Node represents a computational node in a graph processing framework. It should implement the functions Agg, Msg and End, as described during the lecture. It defines three abstract methods:

* aggregate: it combines the internal node status with the received messages to compute the new internal status.
* prepare_message: it prepares the message to be sent to the connected nodes.
* end: it returns a boolean value indicating if the node wants to continue the computation.

In [None]:
class Node(ABC):
    def __init__(self, name, features, active = False):
        self.name = name
        self.features = features
        self.edges = []
        self.messages = []
        self.active = active
    
    def add_edge(self, edge):
        self.edges.append(edge)

    @abstractmethod
    def prepare_message(self, message): pass

    @abstractmethod
    def aggregate(self): pass

    @abstractmethod
    def end(self): pass

    def agg(self):
        self.aggregate()
        self.messages = []

    def send_msg(self):
        if self.active:
            message = self.prepare_message()
            for edge in self.edges:
                edge.msg(message)

    def recv_message(self, message):
        self.messages.append(message)

    def print(self):
        print(self.name, self.features)

The role of the Edge class is to track the graph edges, and to forward the messages from the ingoing to the outgoing nodes. The class defines an abstract class prepare_message, which receives the message from the ingoing node, and transforms it before sending it to the outgoing node.

In [None]:
class Edge(ABC):
    def __init__(self, node2, features):
        self.node2 = node2
        self.features = features

    @abstractmethod
    def prepare_message(self, message): pass

    def msg(self, message): 
        message = self.prepare_message(message)
        self.node2.recv_message(message)

The execute function implements the execution routine of a graph processing framework. It continues to repeat the two superstep phases (computation and message exchange) until all the nodes are ready to complete the processing. This code "simulates" the behaviour of a graph parallel framework in a single thread architecture. The next natural step would be to execute all send_msg in parallel, and when they finish, execute all the agg methods in parallel.

In [None]:
def execute(nodes: Node):
    exit = False
    while exit != True:
        exit = True
        for node in nodes:
            node.send_msg()
        for node in nodes:
            node.agg()
            exit = exit and node.end()

## Task: Single Source Shortest Path

In the first task, we implement the single source shortest path, as seen during the lecture. 

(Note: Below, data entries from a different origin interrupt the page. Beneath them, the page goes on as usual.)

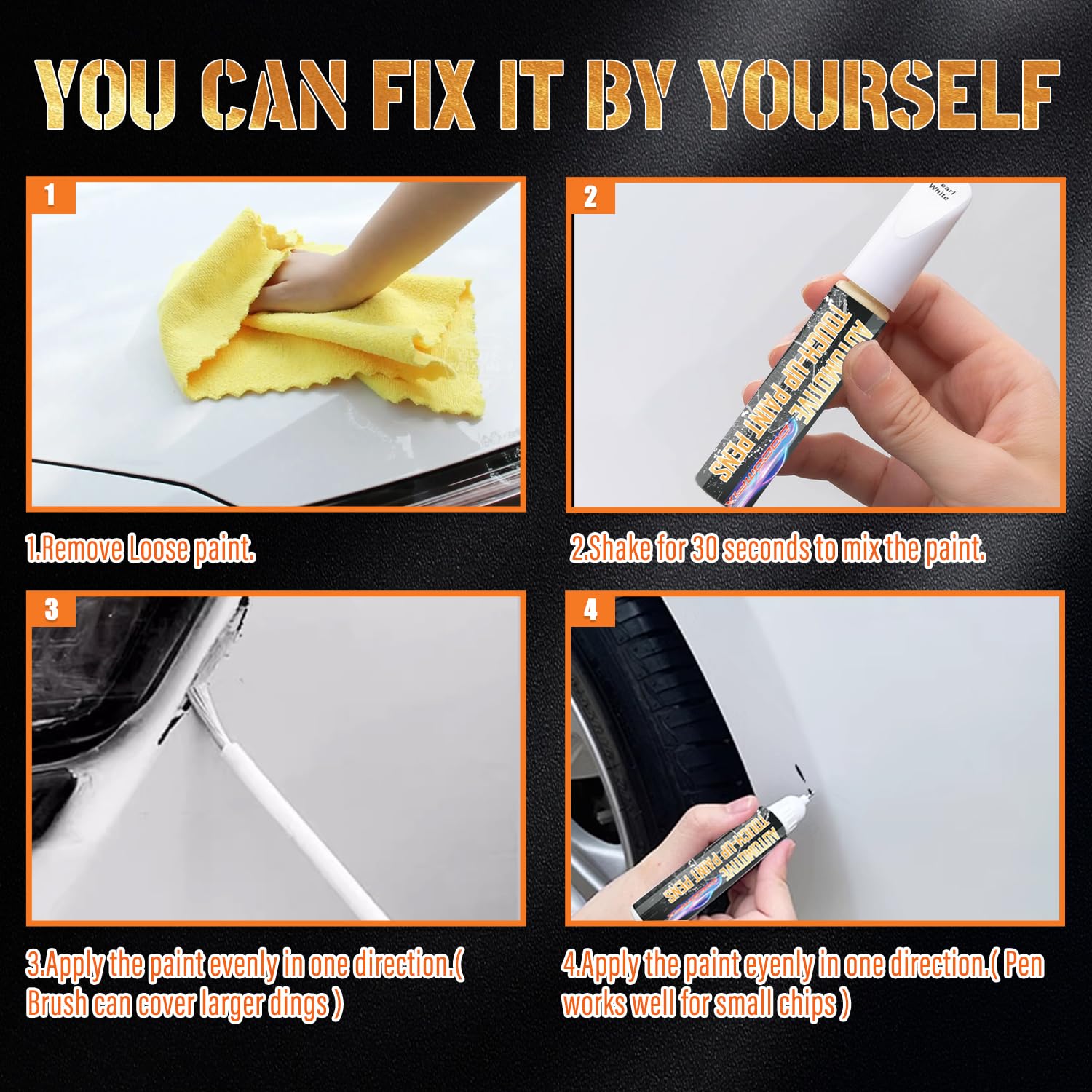 Touch Up Paint For Cars(Silver Black), Automotive Car Touch Up Paint Pen, Two-In-One Car Paint Scratch Repair, Car Scratch Remov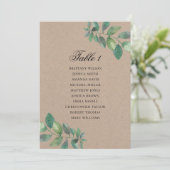 Rustieke trouwzaalstoelkaart. Waterverf botanisch Kaart (Staand voorkant)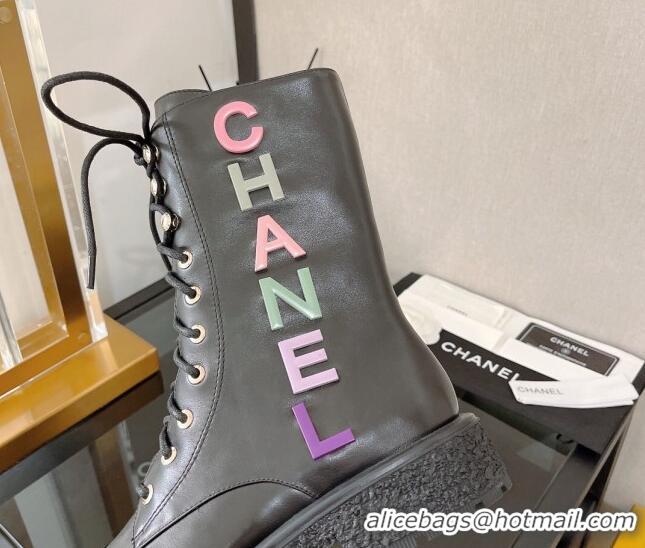 Stylish Chanel Calfskin Lace-up Ankle Boots with Multicolor Signature Black 110384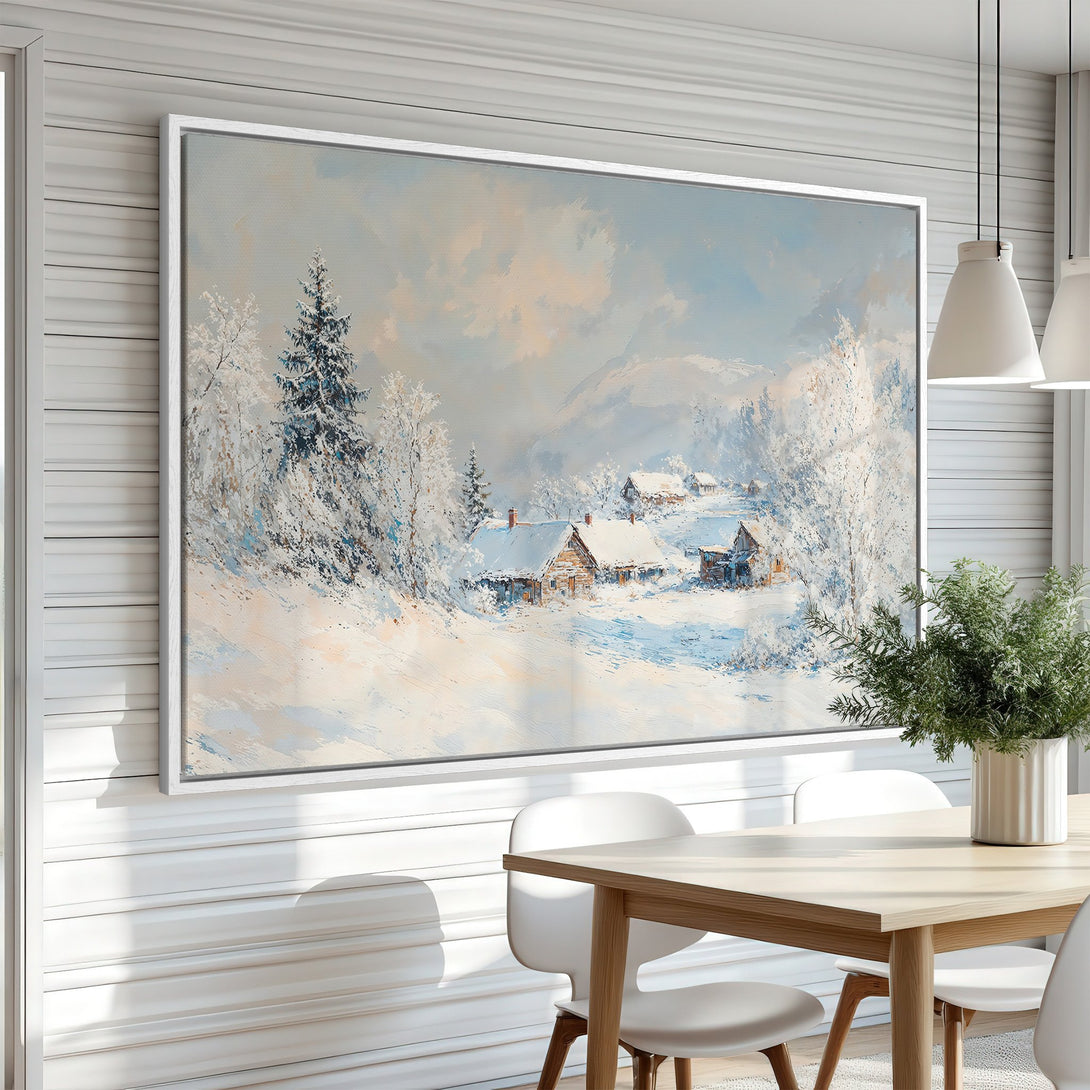 Framed Wall Art: Winter landscape Canvas Print in cool blue and white tones. Perfect for adding a touch of serene beauty to your home decor.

First, we define a class NodeSP that implements Node. Specifically:

* aggregate determines the minimum value between the internal one and the messages received from the other nodes. If the minimum value is different from the current one, the internal state is updated, and messages will be sent to the neighbours.
* prepare_message prepares the message for the neighbour nodes. The message includes the new state value (i.e. the minimum distance from the source node).
* end returns true if the node did not change the internal state, false otherwise.

In [None]:
class NodeSP(Node):
    def __init__(self, name, features, active = False):
        super().__init__(name, features, active)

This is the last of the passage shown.